TASK DESCRIPTION:
Return the material below exactly, but only from the line with "Gebraucht BMW 216" through the line with "Denuncian la inundación", and without its pictures.

───── PROVIDED DATA

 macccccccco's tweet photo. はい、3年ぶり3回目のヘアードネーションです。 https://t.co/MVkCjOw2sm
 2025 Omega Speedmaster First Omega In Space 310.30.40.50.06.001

──────────
───── PROVIDED DATA

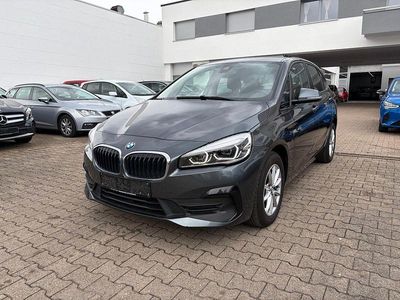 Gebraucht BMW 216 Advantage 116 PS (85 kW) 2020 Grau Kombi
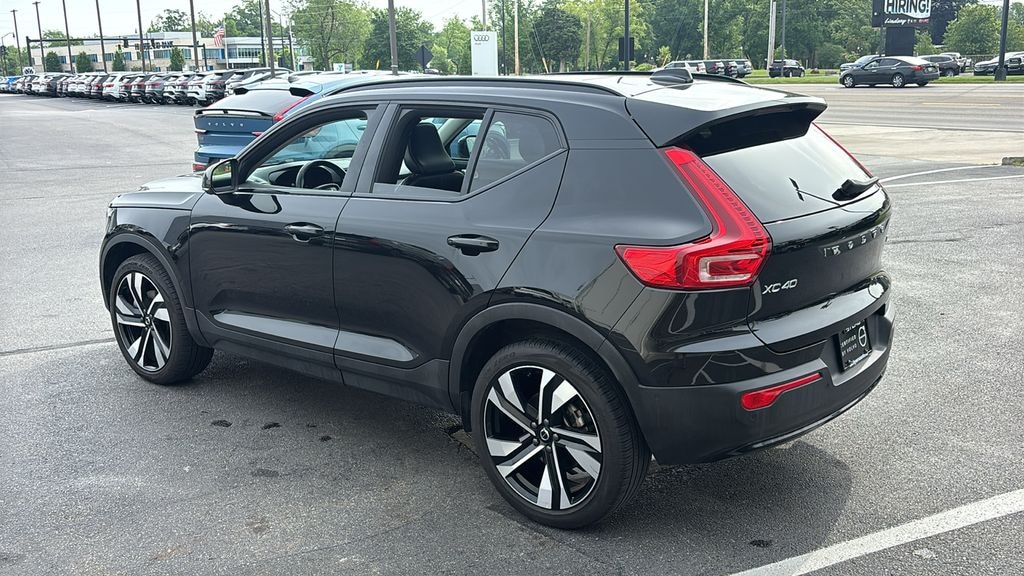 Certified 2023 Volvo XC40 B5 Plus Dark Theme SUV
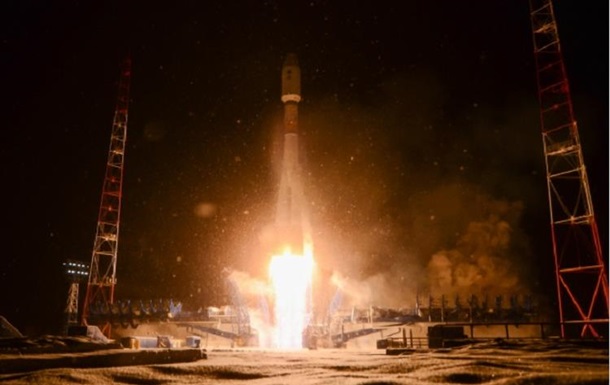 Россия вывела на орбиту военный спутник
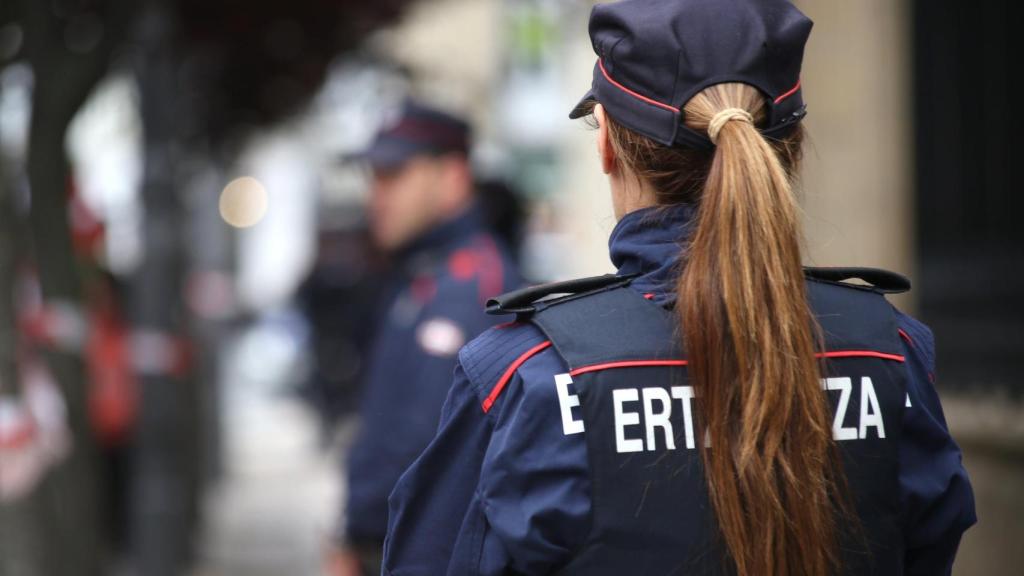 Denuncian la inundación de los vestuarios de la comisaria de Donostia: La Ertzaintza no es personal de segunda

──────────

EXERCISE RESULT:
 Gebraucht BMW 216 Advantage 116 PS (85 kW) 2020 Grau Kombi
 Certified 2023 Volvo XC40 B5 Plus Dark Theme SUV
 Россия вывела на орбиту военный спутник
 Denuncian la inundación de los vestuarios de la comisaria de Donostia: La Ertzaintza no es personal de segunda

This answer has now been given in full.